Domestic budget and revenue constraints will complicate Ruto's near-term efforts to alleviate the cost of living crisis. Ruto has not specified how he plans to finance his economic reform agenda. While spending cuts like the Sept. 15 cancellation of Kenya's gasoline subsidy will give Ruto some fiscal room, it won't be enough to cover the litany of proposed measures. In June, the Kenyan parliament passed a supplementary budget and raised the debt ceiling to finance former President Uhuru Kenyatta's 2022-23 fiscal budget. Funding for Ruto's proposed measures could require the approval of a second supplementary budget at the October mid-term budget meeting. Anonymous officials close to Ruto have suggested that the new administration could fund another supplementary budget by pausing and taking financing from programs that do not fall under the ministries of agriculture, energy, manufacturing, water and irrigation. This, however, would prove difficult due to Kenya's deeply embedded patronage system and the political and social fallout from defunding programs that have already received financing. Ruto has also suggested that the government can finance increased ''bottom-up'' investment by increasing tax revenue. However, inadequate tax collection is a long-standing challenge in Kenya that is unlikely to be solved in the coming weeks as corruption, mismanagement and insufficient personnel have survived a multitude of presidential administrations.

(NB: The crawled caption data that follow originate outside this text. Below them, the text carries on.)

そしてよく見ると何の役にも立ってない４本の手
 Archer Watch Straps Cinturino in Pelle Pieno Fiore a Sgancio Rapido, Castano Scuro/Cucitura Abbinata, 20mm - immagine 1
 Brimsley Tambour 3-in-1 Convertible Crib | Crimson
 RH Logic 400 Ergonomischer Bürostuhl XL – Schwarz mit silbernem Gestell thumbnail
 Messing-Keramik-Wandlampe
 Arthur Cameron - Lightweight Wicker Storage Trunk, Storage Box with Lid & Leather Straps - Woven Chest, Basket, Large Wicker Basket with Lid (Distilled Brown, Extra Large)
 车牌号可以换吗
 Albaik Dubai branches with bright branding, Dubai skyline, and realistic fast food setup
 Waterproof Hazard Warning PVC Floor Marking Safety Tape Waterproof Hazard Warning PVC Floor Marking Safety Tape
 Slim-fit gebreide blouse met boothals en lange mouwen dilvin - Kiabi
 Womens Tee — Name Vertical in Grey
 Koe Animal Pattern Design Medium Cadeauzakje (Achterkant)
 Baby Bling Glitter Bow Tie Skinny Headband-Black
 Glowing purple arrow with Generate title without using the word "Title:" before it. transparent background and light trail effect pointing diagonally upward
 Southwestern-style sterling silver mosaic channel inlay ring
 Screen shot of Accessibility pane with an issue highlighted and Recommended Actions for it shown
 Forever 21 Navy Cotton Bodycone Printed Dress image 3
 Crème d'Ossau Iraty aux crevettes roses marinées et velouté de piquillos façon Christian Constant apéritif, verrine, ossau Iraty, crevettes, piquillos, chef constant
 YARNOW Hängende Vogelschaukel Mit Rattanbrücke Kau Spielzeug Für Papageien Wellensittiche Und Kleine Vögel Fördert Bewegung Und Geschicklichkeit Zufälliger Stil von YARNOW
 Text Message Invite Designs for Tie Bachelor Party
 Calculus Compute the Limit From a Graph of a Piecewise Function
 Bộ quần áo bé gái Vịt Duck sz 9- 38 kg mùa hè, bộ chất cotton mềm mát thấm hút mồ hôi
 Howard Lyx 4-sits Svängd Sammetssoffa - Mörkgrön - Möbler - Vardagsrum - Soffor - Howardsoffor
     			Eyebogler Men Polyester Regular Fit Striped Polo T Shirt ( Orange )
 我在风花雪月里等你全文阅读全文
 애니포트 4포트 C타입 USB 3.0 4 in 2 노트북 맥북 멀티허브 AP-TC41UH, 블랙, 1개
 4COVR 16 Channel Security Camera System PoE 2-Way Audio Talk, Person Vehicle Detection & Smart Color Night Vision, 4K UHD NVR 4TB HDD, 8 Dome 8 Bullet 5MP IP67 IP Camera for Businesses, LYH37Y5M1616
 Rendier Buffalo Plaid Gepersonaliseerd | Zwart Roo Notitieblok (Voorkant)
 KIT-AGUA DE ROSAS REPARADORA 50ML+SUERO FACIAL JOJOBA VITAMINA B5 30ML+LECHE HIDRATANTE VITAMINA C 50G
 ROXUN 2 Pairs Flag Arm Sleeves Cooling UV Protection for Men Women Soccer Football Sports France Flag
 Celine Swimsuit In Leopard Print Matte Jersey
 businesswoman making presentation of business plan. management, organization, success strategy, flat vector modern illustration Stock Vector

  • If the new administration is able to reallocate resources to its preferred sectors, Ruto's programs are likely to face many of the challenges that plagued his predecessor, such as patronage-based resource allocation. As an example, this means that a program like Ruto's proposal for subsistence farmers to receive 1.4 million bags of subsidized fertilizer will be applied across regions and municipalities unevenly, likely based on relationships rather than need. 

External factors will exacerbate Kenya's economic crisis during Ruto's first 100 days and disappoint public expectations for immediate relief. In addition to domestic budgetary constraints, forces outside of Ruto's control — including the worst drought East Africa has seen in 40 years, along with the global economic downturn — will hamper the new president's ability to reinvigorate Kenya's ailing agricultural sector. Without rain, the country cannot supply its own food or sustain greater employment opportunities, which will eventually force the government to increase food imports at a high fiscal cost for the state. In addition, global supply chain bottlenecks, the energy crisis in Europe and tightening monetary policy in the West will continue to add pressure to global interest rates and weaken investor interest in ''at-risk'' emerging markets like Kenya. Against this backdrop, Ruto's planned investments in agriculture and unemployment have a very slim chance of alleviating the cost of living crisis in the next quarter, thereby failing to satisfy consumer demands. 

This will reduce political support for medium-term fiscal consolidation measures, increasing the risk of debt distress. Kenya's grim economic climate will leave Ruto with very little room for political maneuvering — limiting his ability to institute fiscal consolidation measures required by Kenya's ongoing program with the International Monetary Fund, like the removal of diesel and kerosene subsidies currently scheduled for October. In light of Kenya's high risk of debt distress, external creditors will probably take any deviation from the IMF program as a sign of heightened risk, likely resulting in increased yields on external credit that Kenya may need to issue in the coming months in order to cover its medium-term debt servicing costs, thereby further depressing the country's economic outlook. 

  • The ongoing East African drought in East Africa is exacerbating food shortages (and, in turn, price shocks) by depleting crop and livestock yields. The Kenyan Meteorological Services predicts that poor rainfall will reduce crop yields and livestock production for a third year in a row from September-December 2022.
  • Historically, fiscal consolidation measures like cutting fuel subsidies, pausing public wage increases and slashing food vouchers have prompted unrest in Kenya, at times spurring the government to reverse course.